Qwen3.5 35B A3B: Unified Vision-Language MoE Reasoning Model
Qwen3.5 35B A3B is a multimodal mixture-of-experts foundation model from Alibaba's Qwen team, featuring a hybrid Gated DeltaNet and sparse MoE architecture. It has 35 billion total parameters with 3 billion activated per token, delivering high-throughput inference at minimal latency.
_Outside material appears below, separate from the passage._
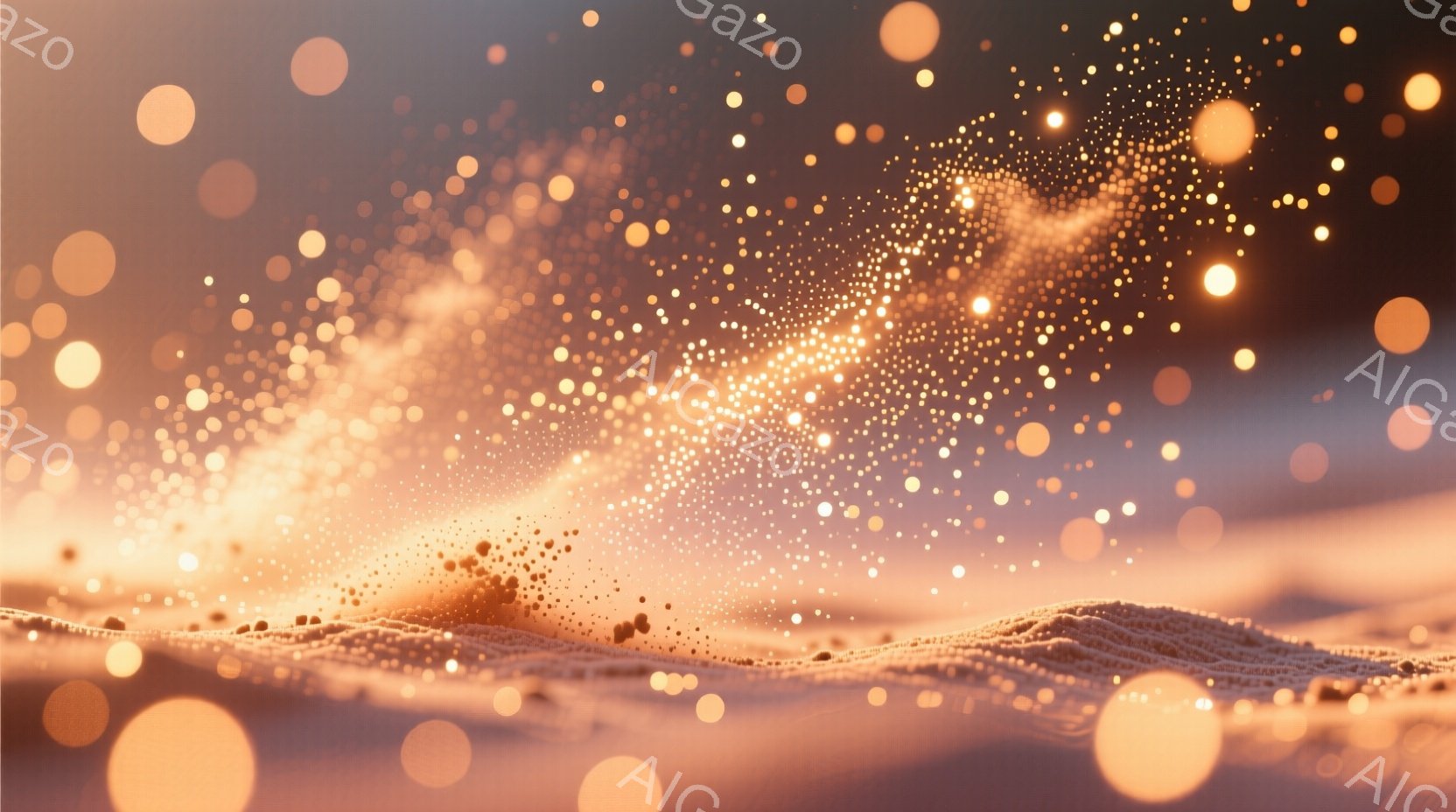 暖色系のぼやけた背景に、無数の小さな光の粒子が散りばめられています。地平線のような低い線が光を反射し、まるで砂丘のような地形を思わせます。全体的に幻想的で夢幻的な雰囲気であり、光の粒子が流動的なエネルギーを表現しているようです。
The model was trained with early fusion on multimodal tokens to achieve native vision-language understanding alongside strong text reasoning, coding, and agentic capabilities.
Key Features
- Unified Vision-Language Foundation - Early fusion training on multimodal tokens achieves cross-generational parity with Qwen3 and outperforms Qwen3-VL models across reasoning, coding, agents, and visual understanding benchmarks
- Efficient Hybrid Architecture - Gated Delta Networks combined with sparse Mixture-of-Experts deliver high-throughput inference with minimal latency and cost overhead
- Scalable RL Generalization - Reinforcement learning scaled across million-agent environments with progressively complex task distributions for robust real-world adaptability
- Global Linguistic Coverage - Expanded support to 201 languages and dialects for inclusive worldwide deployment
- Long Context - 262,144 tokens natively, extensible up to 1,010,000 tokens with YaRN
Architecture
- Causal Language Model with Vision Encoder
- 35B total parameters, 3B activated per token
- 40 layers with a 10 × (3 × (Gated DeltaNet → MoE) → 1 × (Gated Attention → MoE)) hybrid layout
- Mixture of Experts with 256 experts, 8 routed + 1 shared activated
- Multi-token prediction (MTP) trained with multi-steps
- Native 262K context, extensible to 1M tokens
Use Cases
- Multimodal reasoning and visual question answering
- Document, chart, and diagram understanding
- Coding and software engineering agents
- Tool-using agent workflows across long horizons
- Multilingual chat and instruction following across 201 languages
- Long-context analysis and retrieval over large document sets
Benchmarks
On the Qwen3.5 benchmark suite (source), Qwen3.5 35B A3B scores MMLU-Pro 85.3, MMLU-Redux 93.3, C-Eval 90.2, SuperGPQA 63.4, IFEval 91.9, GPQA Diamond 84.2, and LongBench v2 59.0, placing it competitively with much larger MoE peers while activating only 3B parameters per token.